Asumimos la resiliencia como un continuo de personalidad que va desde la vulnerabilidad máxima hasta el grado más elevado de ajuste psicosocial. Pero, ¿qué ocurre en el sistema nervioso de una persona que tiene un bajo nivel de resiliencia? Puede ocurrir que un niño se vea privado de unas condiciones de vida saludables y crecer en un ambiente hostil, carente de atención física y/o emocional o sufrir algún trauma severo. Para poder adaptarse a su realidad el sistema nervioso se verá obligado a elaborar mecanismos de defensa que le permitan adaptarse.

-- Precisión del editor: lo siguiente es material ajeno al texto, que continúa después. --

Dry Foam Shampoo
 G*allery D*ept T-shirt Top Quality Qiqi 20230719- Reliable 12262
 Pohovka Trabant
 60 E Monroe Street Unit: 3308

Como consecuencia, algunas redes neuronales, también llamadas en la literatura estados del yo, pueden quedar sin integrar, aislados, disociados en mayor o menor grado. Con el paso del tiempo, aunque ya no sean necesarios porque la persona sea adulta y su realidad haya cambiado completamente (ahora está seguro), los mecanismos de defensa y esos estados del yo que quedaron sin integrar, pueden seguir detonándose de forma autónoma, muchas veces, al margen de la conciencia. De alguna manera, el material irresuelto sigue “pasando factura” en el presente.
En el caso de las personas con un alto nivel de resiliencia, las malas relaciones tempranas se van compensando posteriormente con otras relaciones de calidad y las situaciones traumáticas infantiles se neutralizan con situaciones felices en la edad adulta. Esto es posible gracias a la enorme plasticidad del sistema nervioso que, como actualmente se sabe, perdura hasta el final de los días de un ser humano. Poco a poco, las redes neuronales que se corresponden con episodios traumáticos se van integrando dando lugar a una nueva conciencia, a un nuevo sentido del yo cada vez más sólido y coherente. De este modo, se favorecen conductas saludables o adaptativas y las personas consiguen desarrollarse en su edad adulta con total plenitud. De alguna forma, son capaces de aprender y darle sentido al dolor para aprovecharlo en situaciones futuras.